# WORK ORDER
Print the data exactly. Pictures stay out.
BEGIN RAW DATA
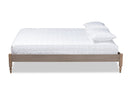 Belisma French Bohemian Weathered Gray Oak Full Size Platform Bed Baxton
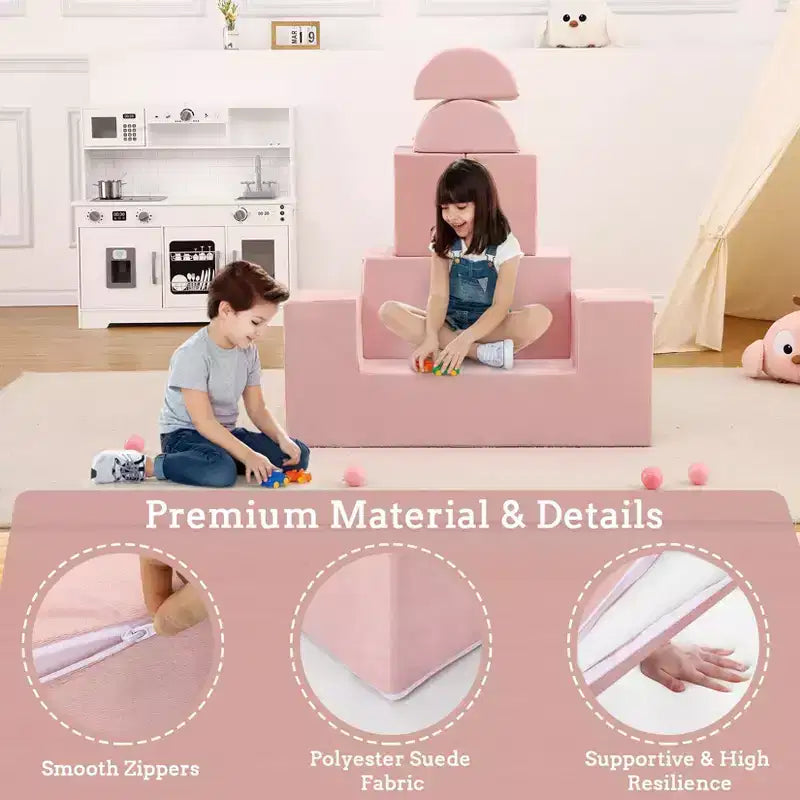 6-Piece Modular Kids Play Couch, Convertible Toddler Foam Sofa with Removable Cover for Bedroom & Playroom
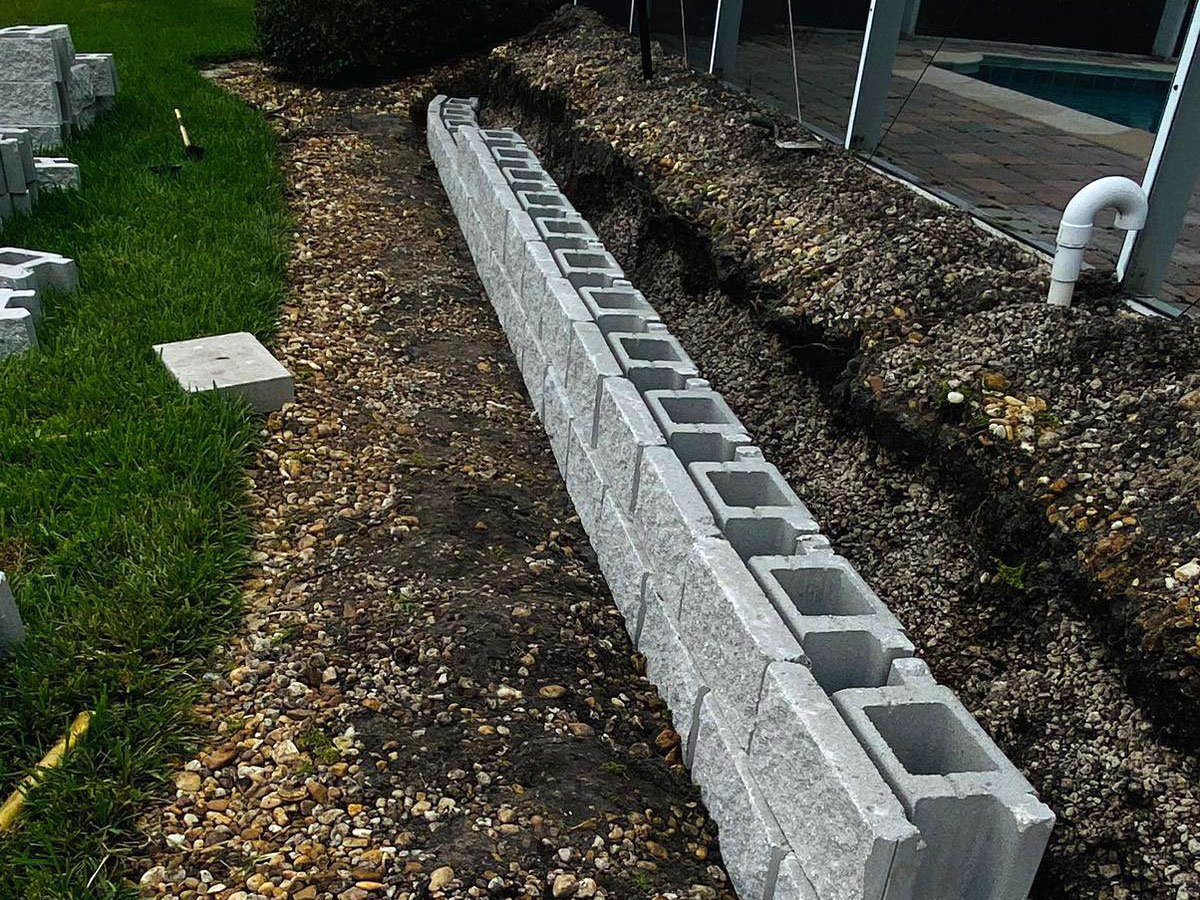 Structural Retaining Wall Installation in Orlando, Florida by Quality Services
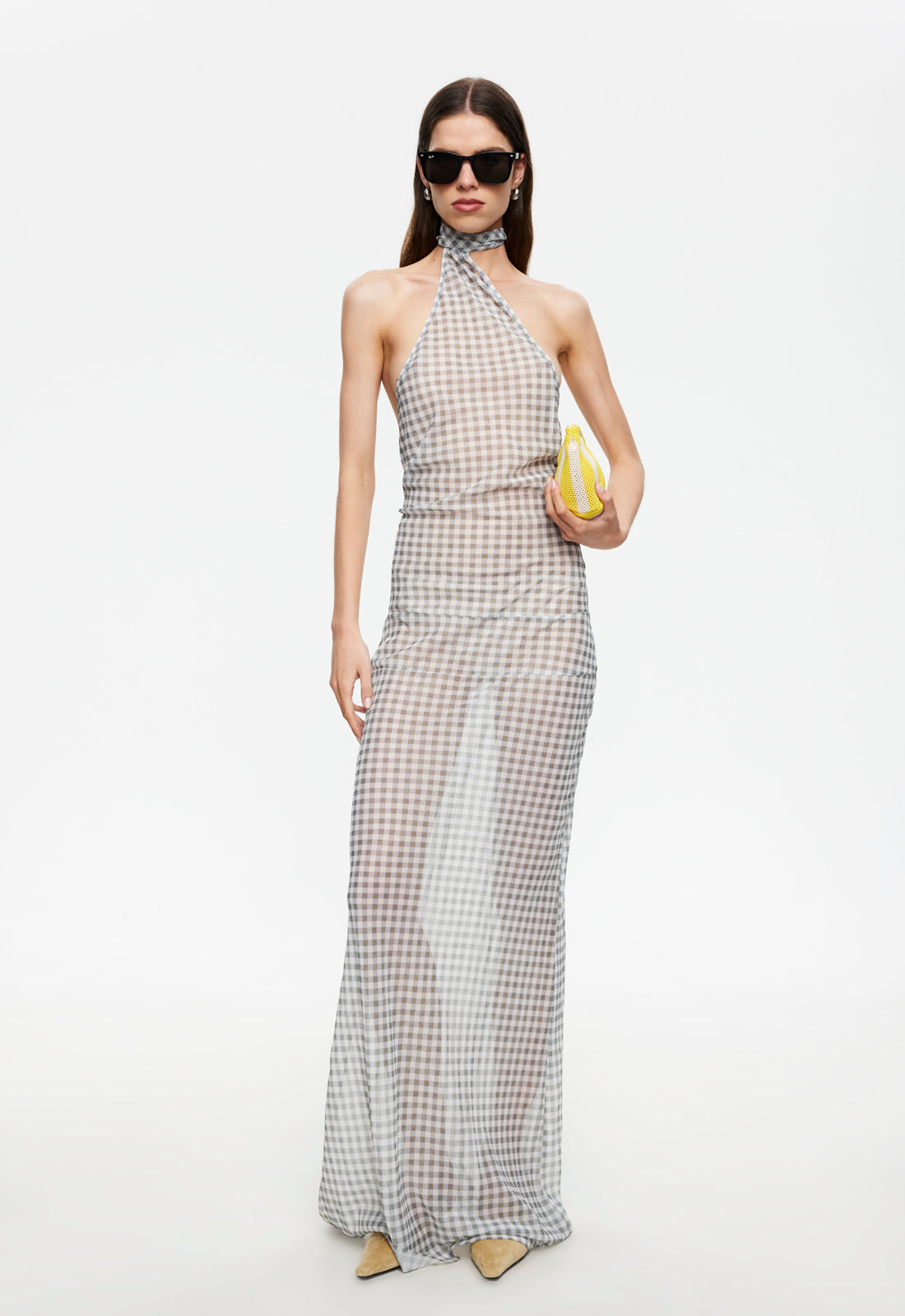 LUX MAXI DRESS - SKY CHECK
END RAW DATA
# RESULT
 Belisma French Bohemian Weathered Gray Oak Full Size Platform Bed Baxton
 6-Piece Modular Kids Play Couch, Convertible Toddler Foam Sofa with Removable Cover for Bedroom & Playroom
 Structural Retaining Wall Installation in Orlando, Florida by Quality Services
 LUX MAXI DRESS - SKY CHECK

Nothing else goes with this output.